Brian Mersereau told a court that federal public servant Matthew Matchett did not provide details about the ad hoc cabinet committee meeting on Nov. 19, 2015. The details were referenced the following day in a CBC article.
The chairman of lobbying firm Hill+Knowlton Strategies also testified that he did not know the origins of information about the meeting referenced in emails sent by senior officials from Quebec shipyard Chantier Davie around the same time.
“You have to remember Davie was dealing directly with senior bureaucrats running the program, hourly or daily or whatever you want to call it,” Mersereau said under questioning by defence lawyer Michael Johnston.
“They were trying to hammer out the deal. So under normal circumstances, there would have been all kinds of conversations going on. And one would expect those conversations to go on.”
The testimony came on the third day of Matchett’s breach of trust trial, in which the employee at the Atlantic Canada Opportunities Agency is accused of having illegally leaked cabinet secrets about the deal.
Matchett has pleaded not guilty and his trial, which started on Monday, is expected to run four weeks.
The leak is alleged to have occurred in November 2015, when the newly elected Liberal government decided to hold off finalizing a contract with Davie to lease a temporary supply ship for the navy, the MV Asterix.
The Liberals later approved the deal, which has seen the government lease the Asterix from Davie since January 2018 while the Royal Canadian Navy waits for two permanent new support vessels to be built by Seaspan Shipyards in Vancouver.
Mersereau previously testified that he received an envelope containing a draft letter to cabinet and a PowerPoint presentation about the Asterix marked: “Confidence of the Queen’s Privy Council.”
Emails between Mersereau and Matchett filed in court as evidence also include one sent from Matchett’s email address to the lobbyist saying: “I’ve got everything, the motherlode.”
Yet while Mersereau testified he later met with CBC journalist James Cudmore to discuss a story about “another shipbuilding saga,” he said details in the resulting article about the Liberals’ closed-door talks did not come from him.
Those include the actual decision to delay the deal with Davie pending a review, and specific concerns raised with ministers during the meeting about the navy’s desperate need for a supply ship after its previous two were retired.
“Mr. Cudmore’s article seems to be citing sources that aren’t you or information that you had,” Johnston said.
“Well, there’s certainly information in there that he did not get from me,” Mersereau replied.
Mersereau also said he did not know the source of information about the meeting mentioned in emails sent by Davie officials, including one from senior vice-president John Schmidt revealing the cabinet committee’s decision to pause the deal.
“So is it fair to say that ultimately, the documents that you receive (from Matchett) contained very little relevant information that we didn’t already know?” Johnston asked.
“By and large, yes,” Mersereau said, adding his focus was on whether the contract negotiated and finalized by the Harper government in the weeks before the 2015 federal election was going to be challenged by the newly elected Liberals.
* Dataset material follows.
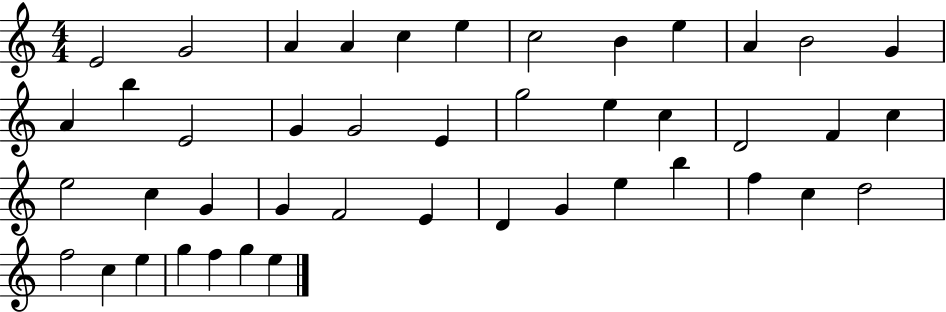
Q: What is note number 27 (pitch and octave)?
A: G4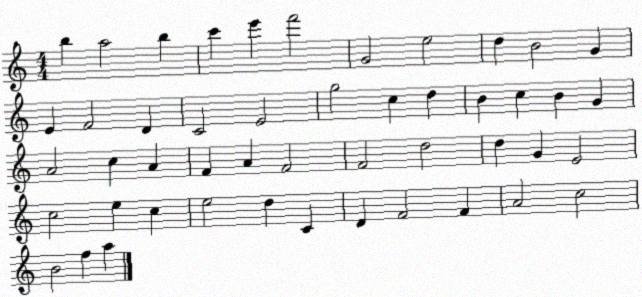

Johnston at one point asked whether Mersereau knew if Davie was receiving information from another person, whom the defence lawyer identified by name, but the lobbyist said the name didn’t mean anything to him.
Johnston noted that Matchett, whom he described as “an Indigenous guy from New Brunswick … (who) cared very deeply about the welfare and the benefit of Atlantic Canada,” was in Moncton when the cabinet committee meeting was actually held.
Matchett’s trial is scheduled to continue Thursday with the Crown expected to call its second witness.